Of course, most of us tend to act out of the moral values we hold. And it’s in the resulting behavior – whether it’s at the voting booth or on the street – where we express what it is we hold dear. And so, to give most folks their due, we all respond to different moral imperatives. And our response – what we actually do – is shaped by culture and by our personal experience over a lifetime.
David Brooks wrote an interesting and insightful piece in The New York Times about a week ago titled, “Democrats have won the war of ideas.” At first, this title seems to fly in the face of the cultural wars and political divides on display around us. But he reminds us that not only are we in a crisis caused by the pandemic and the resulting economic chaos of our time, but also in times of social crises in our history – the great recession of 2008, World War II, the Great Depression – government tends to expand to meet the human crisis. Brooks writes:
Over the last 100 years, Americans have engaged in a long debate about the role of markets and the welfare state. Republicans favored a limited government, fearing that a large nanny state would sap American dynamism and erode personal freedom. Democrats favored a larger state, arguing that giving people basic economic security would enable them to take more risk and lead dignified lives.
That debate ebbed and flowed over the years, but 2020 has turned out to be a pivotal year in the struggle, and it looks now as if we can declare a winner. The Democrats won the big argument of the 20th century. It’s not that everybody has become a Democrat, but even many Republicans are now embracing basic Democratic assumptions. Americans across the board fear economic and physical insecurity more than an overweening state. The era of big government is here.
... COVID-19 has pushed voters to the left. ... The 2020 shift to the left follows years of leftward drift. In 2015 a majority of Americans believed that “government is doing too many things better left to business and individuals.” Now only 39 percent believe that.

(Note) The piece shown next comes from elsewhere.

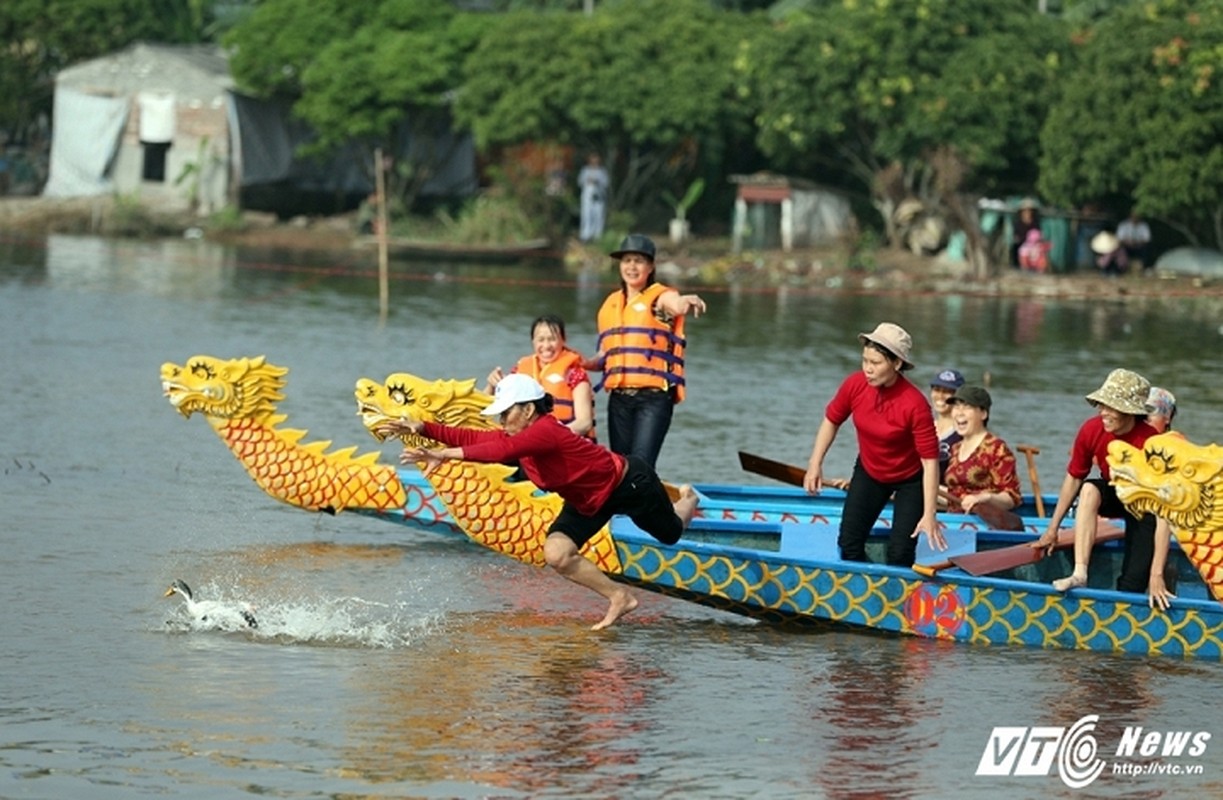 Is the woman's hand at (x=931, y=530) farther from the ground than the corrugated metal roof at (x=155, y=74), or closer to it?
closer to it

Brooks does point out that most folks do see themselves as moderates. As a nation, we still have a strong basic faith in democratic capitalism and a dislike of any program that smacks of socialism or proposals that concentrate too much power in Washington. He concludes that the majority of us want a much stronger social safety net to protect folks from the hazards of life – poverty, sickness, joblessneess (those moral intuitions of care and fairness) – but want reform in areas where government “has been captured by insider manipulation: housing, finance and health care (moral intuitions of fairness and care). So Brooks concludes that the liberal welfare state has won, a “robust capitalist economy combined with generous social support.”
I don’t know how to end this blog, or exactly where we go from here. But only on a note of hope that the transition time that looms before us will be a peaceful one – and we will heed our better angels and moral intuitions along the way.